Esas instituciones fueron la expresión más visible y más virtuosa de la resistencia a la dictadura militar en un tiempo en que muchos callaban o preferían cerrar los ojos. Importa señalar, a continuación, que derrotada la dictadura militar el debate acerca de los contenidos y alcances de las políticas de derechos humanos se intensificó hasta colocar en un primer plano diferencias que en su momento fueron consideradas menores, pero que en la actualidad incluyen visiones en más de un caso antagónicas acerca de la sociedad, el Estado y las personas.
Más allá de controversias y desbordes, interesa insistir en que los derechos humanos son una de las causas nobles de la humanidad; una causa que se nutre de las mejores tradiciones religiosas y laicas fundadas en el principio universal de amor al prójimo.
Importa detenerse en el concepto de universalidad. Importa hacerlo porque esa universalidad es su virtud esencial, decisiva. No hay derechos humanos parciales o locales. No hay derechos humanos exclusivos para la izquierda o para la derecha.
Como no hay torturadores buenos y torturadores malos, o asesinos buenos y asesinos malos. Insisto en el principio de universalidad. Insisto en ello porque es el valor que ciertos defensores de los derechos humanos no admiten o no practican. Pinochet y Videla son unos déspotas, pero Fidel Castro y Hugo Chávez son ángeles celestiales. ¿Cuesta tanto asumir que o los derechos humanos son para todos o en su defecto no son más que una burda manipulación política?
No nos engañemos. La defensa parcial de los derechos humanos la practica hasta el déspota más primitivo. Nadie quiere que lo maten, nadie quiere que lo torturen. Ni Nerón, ni Calígula, ni Hitler, ni Stalin hubieran aprobado que los maten o los torturen. Pero ellos se sentían autorizados a matar y torturar.
León Trotsky fue, en nombre de los intereses sagrados de la revolución, un masacrador de obreros y campesinos, pero cuando cayó en desgracia y Stalin pidió su cabeza a cualquier precio, se acordó que el derecho a la vida y las despreciables garantías burguesas con sus libertades civiles y políticas eran valiosas.
Anastasio “Tachito” Somoza nunca creyó en los derechos humanos; siempre consideró que eran una mascarada comunista, hasta que lo derrocaron, se exilió y entonces advirtió que sus derechos humanos estaban en riesgo.
Los Montoneros que consideraron que Aramburu, Rucci o Mor Roig no eran dignos de ser titulares de derechos humanos, advirtieron cuando debieron exiliarse que esa “engañifa liberal” alguna importancia tenía, motivo por el cual iniciaron un curso acelerado de derechos humanos para defender sus derechos humanos.
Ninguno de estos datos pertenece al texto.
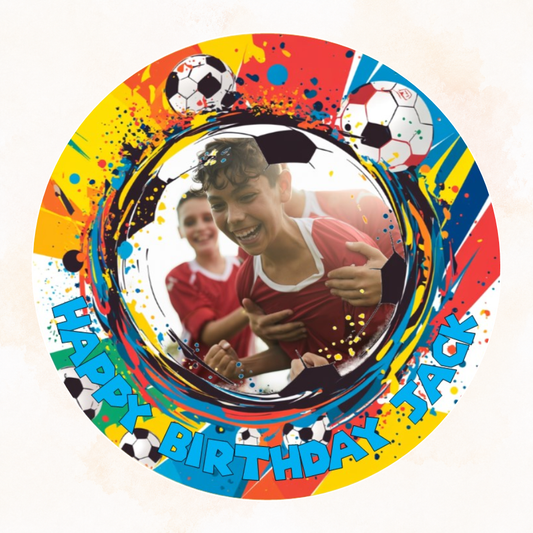 Football Celebrations Edible Cake Topper – Personalised with Your Photo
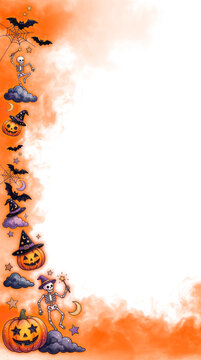 Spooky Halloween Side Border with Dancing Skeletons and Jack O Lantern Pumpkins on Orange Smoke Background transparent background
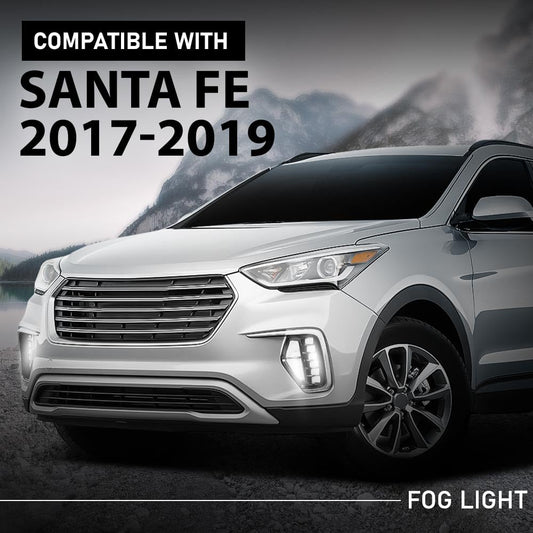 G-PLUS Front Fog Lights With Bezels Covers 4pcs Compatible with Hyundai Santa Fe 2017-2019 86564B8AC0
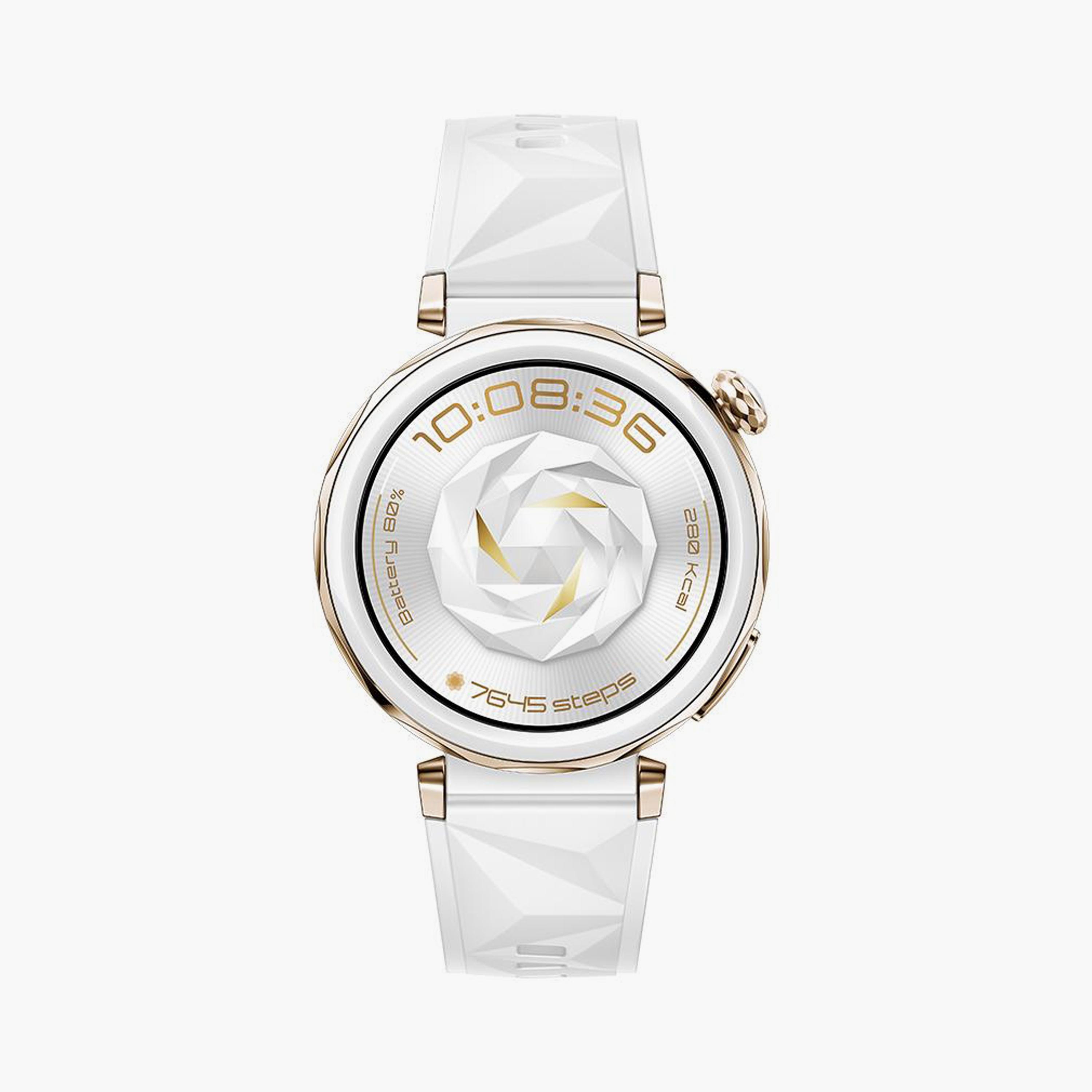 ساعة هواوي جي تي 5 برو جانا باللون الأبيض مع حزام من مادة الفلوروإيلاستومر | HUW-GT5PRO-JANA-WHT-electronics-smartwatches-image-1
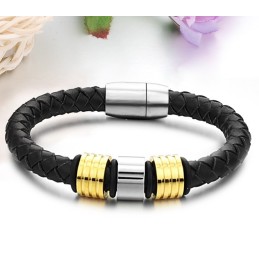 Bracciale In Pelle Di Titanio Nero Di Qualità Superiore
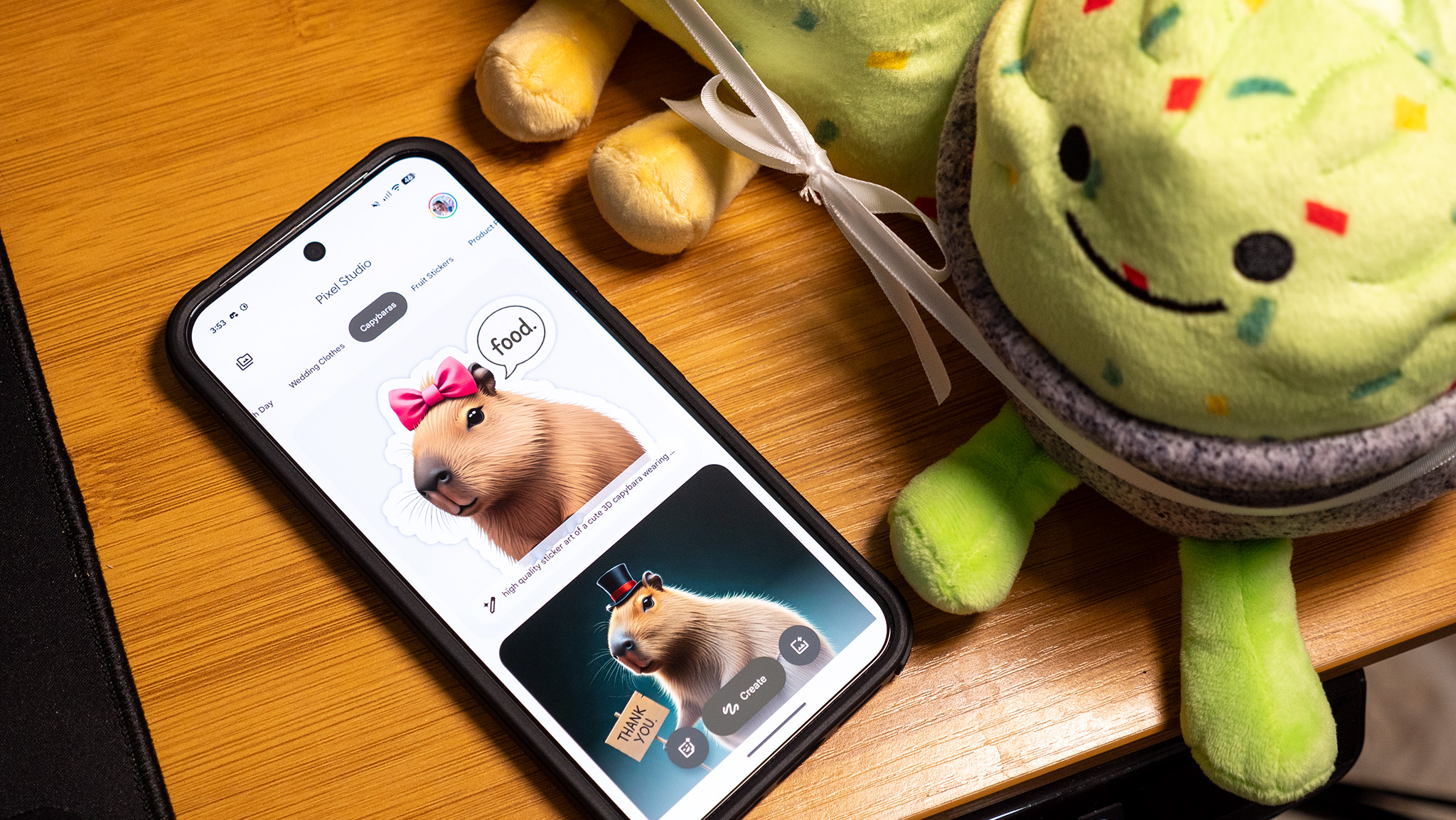 Making a meme with capybaras on the Pixel Studio app on a Google Pixel 10 Pro XL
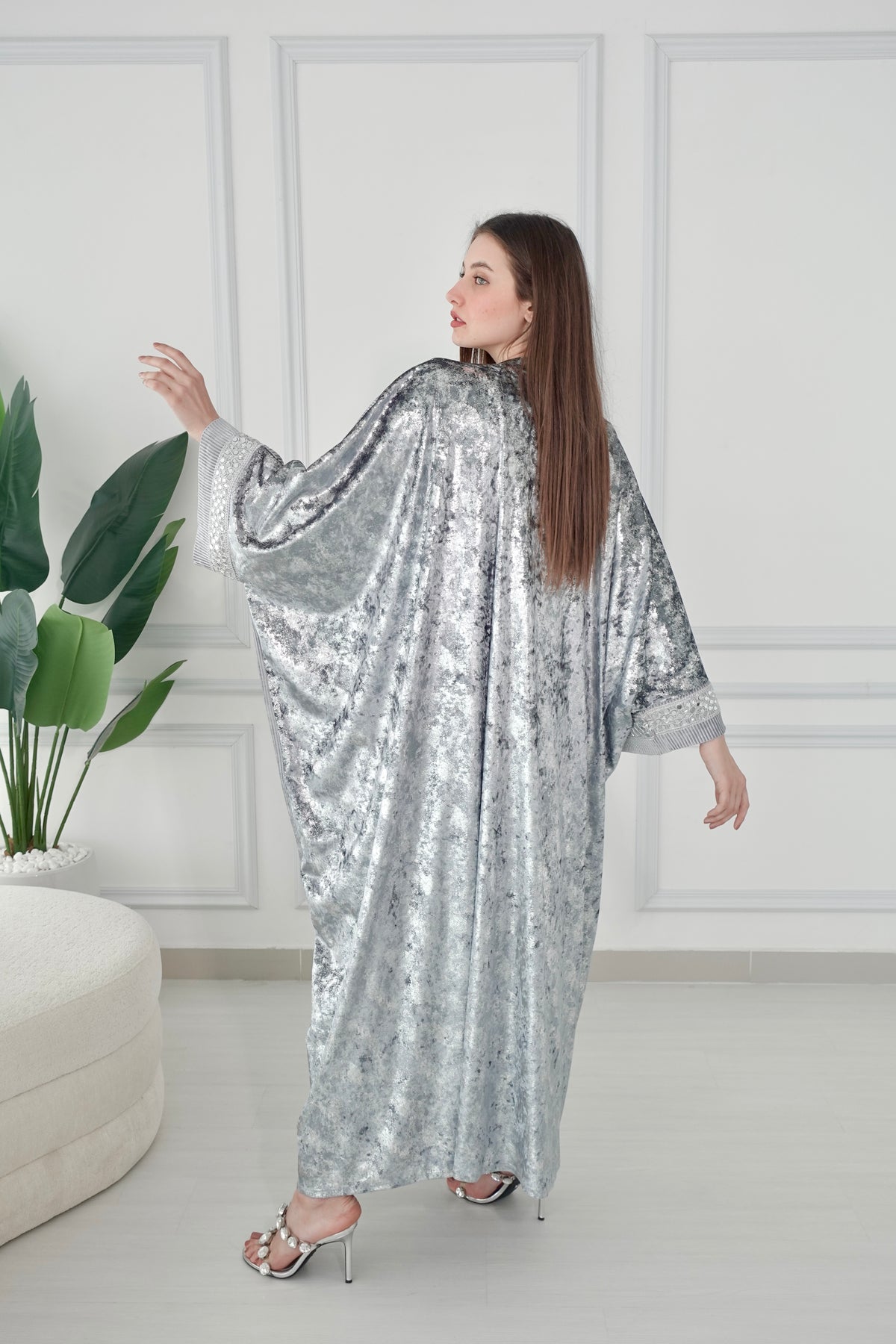 Velvet Silver Bisht With Mirror Embroidery Lace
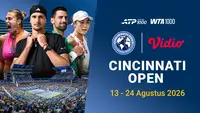ATP & WTA 1000 Cincinnati Open 2026: Magnet Bintang Tenis Dunia Live Streaming di Vidio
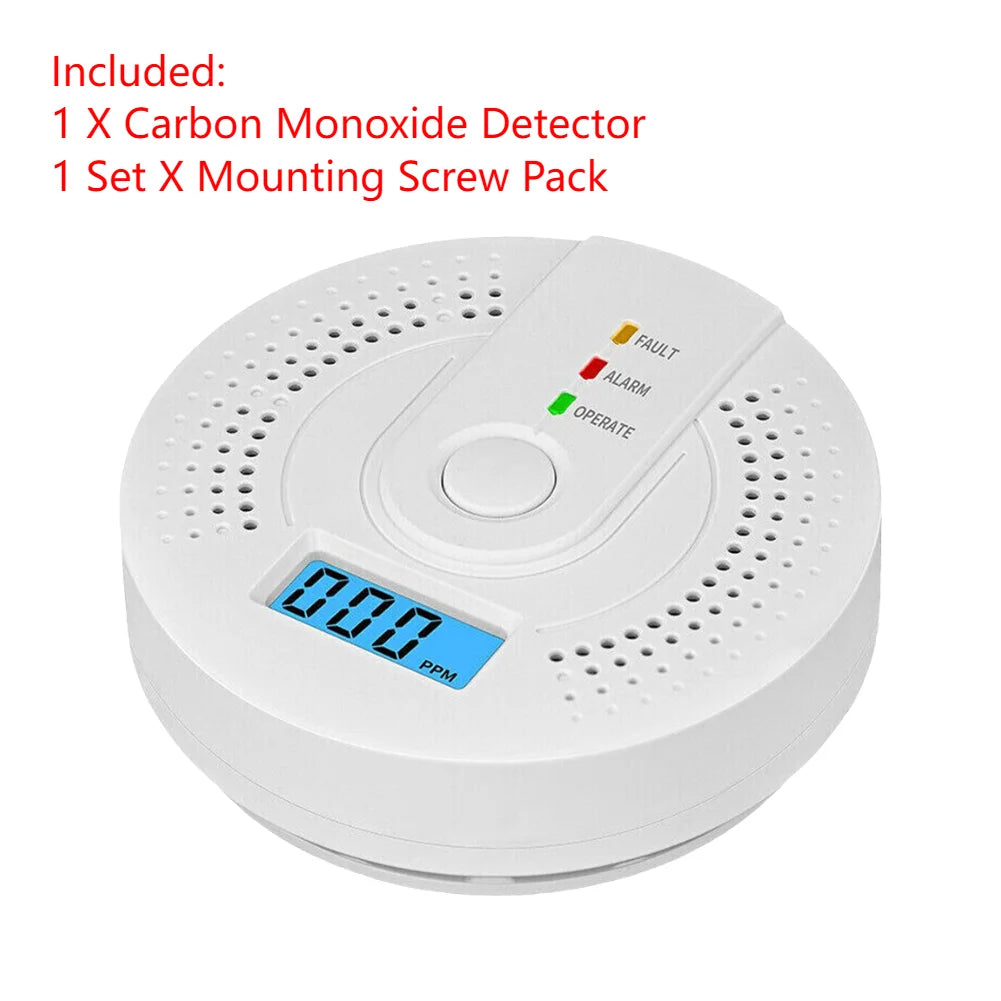 5-1PCS Digital Carbon Monoxide Detector Sound & Light Warning Sensor Battery Powered CO Gas Monitor Meter with LED Indicator alfamoba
No los de todos, sino los de ellos.
En definitiva, éste es el debate que hoy mantiene una rigurosa actualidad en materia de derechos humanos. Lo que diferencia a un defensor de los derechos humanos de otro, es la mayor o menor extensión que le otorga al concepto: o son para algunos o son para todos.
Defender los derechos humanos propios, o los de los amigos, o de los parientes de primer grado es lo habitual desde los tiempos de Gengis Khan y Atila; lo novedoso, lo disruptivo es defender los derechos humanos de todos.
Todo lo demás es política de facción, solidaridad de banda, fraternidad de tribu.